[Heory]

For the prinse reaction, was there any stereochemistry ?
Use Newman projection.

[azmanam]

methyl group wont shift because you'd sacrifice a tertiary carbocation to form a secondary carbocation.  hydride shifts so that you trade a tertiary carbocation for a tertiary carbocation.  in the previous post, the shift was restricted by cyclic constraint (the carbocation and shifting groups were within a 6-membered ring), and you need overlap of the sigma bond with the empty p-orbital to get shift to occur (same with last week's C-Si bond problem).  In this case, free rotation about the C-C single bond allows for both the methyl group or the hydride to have good overlap for shifting.

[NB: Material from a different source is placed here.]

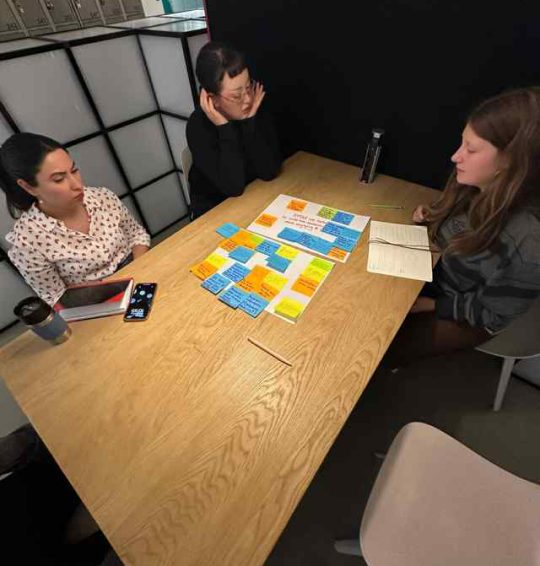 Maryam and two teammates around a table covered in sticky notes during an ideation workshop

The reason I didn't have N attack straight away was the disfavored formation of a 4-membered ring, and I liked that I could make a 3- or a 5-membered ring after shifting the carbocation.  There are typically 3(/4) things that happen after a prins.  Attack by water (with elimination to allylic alcohol sometimes), attack by a nucleophile (like N), or coordination of another aldehyde to form a dioxane.

[Heory]

A OH was introduced and the other OH was kicked away by the amine group.
Consider a larger ring that would be formed.

[Heory]

If the hydride shifted, a carbocation would be formed next to the OH group, then what would occur must be pinacol reaction, not the epoxide formation. Am I right?

[azmanam]

piperidine formation?

What text did you see this in?  Did they give a reference?

[philmont702a]

Could you please provide the citation for this reaction?  The reactivity is surprising under the conditions, assuming that the piperidine is formed. 

[Heory]

The product for step 1 is right. There's another named reaction for step 2. Because we haven't finish the whole reaction yet, I think it's not proper to tell where I copied it from.
we shall consider the stereochemistry of step 1 now, or have a discussion on what you think are unreasonalbe.

[philmont702a]

What are you defining as step one above?  Is the piperidine the end of step one, or the prins the end of step one?

[Heory]

philmont702a, are we in the same region
?

[Heory]

step 1 : 1) pH=3
step 2: 2)48%HBr

[philmont702a]

Yes, I understand the steps.  Are you defining the piperidine as the completion of step one, or the prins product as the end of step one? 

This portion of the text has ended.